Deleting rows and table size is growing?

  • I have a table that had 770 million rows in it. I have already copied over the historical data to another archive database, and now I am in the process of deleting the rows that meet the historical criteria. The thing is is that the table is growing, at least according to sp_spaceused. I did change the recovery mode from full to simple. My thinking was that I wouldn't accumulate such a large transaction log that I would need to truncate that often.

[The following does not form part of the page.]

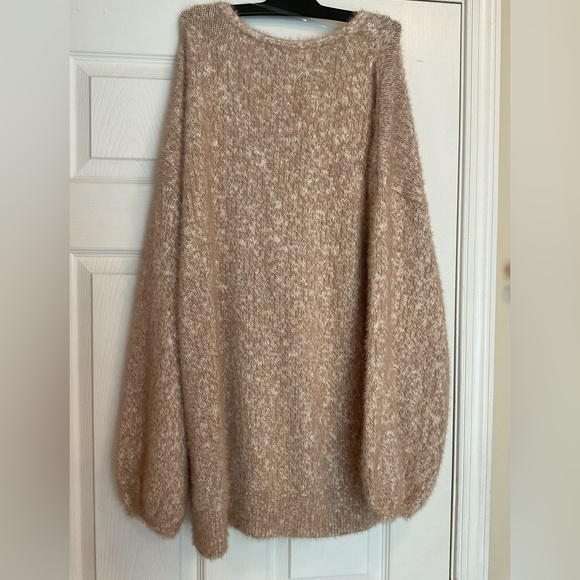 Ava & Viv Women's Tan Chenille Fuzzy V-Neck Sweater Plus Size 1X - Picture 8 of 9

    At one point the data size of the table was 62,388.328 MB but now it's 68,480.672 MB but I have deleted around 130 million rows. Why would it be growing? Further more how should I go about reducing the size? I don't shrink would necessarily work since the unused space is only 274,880 KB.

    What am I missing?

    Also here is the script I am using

    set rowcount 100000

    WHILE 1=1

    BEGIN

    delete top(100000)

    FROM rates_history

    where rates_history.last_update <= '2011-05-24 00:00:00.000'

    IF @@ROWCOUNT = 0

    BREAK

    END

  • I wouldn't necessarily trust sp_spaceused, especially in a short period of time.

    If you are deleting rows, the size is going down. Garbage collection, and perhaps lots of free space in the middle of the indexes might make it appear larger.

    Finish deletes, clean up your clustered index, and then check.

  • It seems likely the table is a heap (i.e. there is no clustered index). Empty pages are not automatically deallocated when deleting from a heap, unless a WITH (TABLOCK) hint is used. In SQL Server 2008, you can also use the ALTER TABLE ... REBUILD syntax after all the deletes are complete to reclaim space. This is not available in 2005, so you would need to create a clustered index (and then drop it, if it is important the table retains a heap structure).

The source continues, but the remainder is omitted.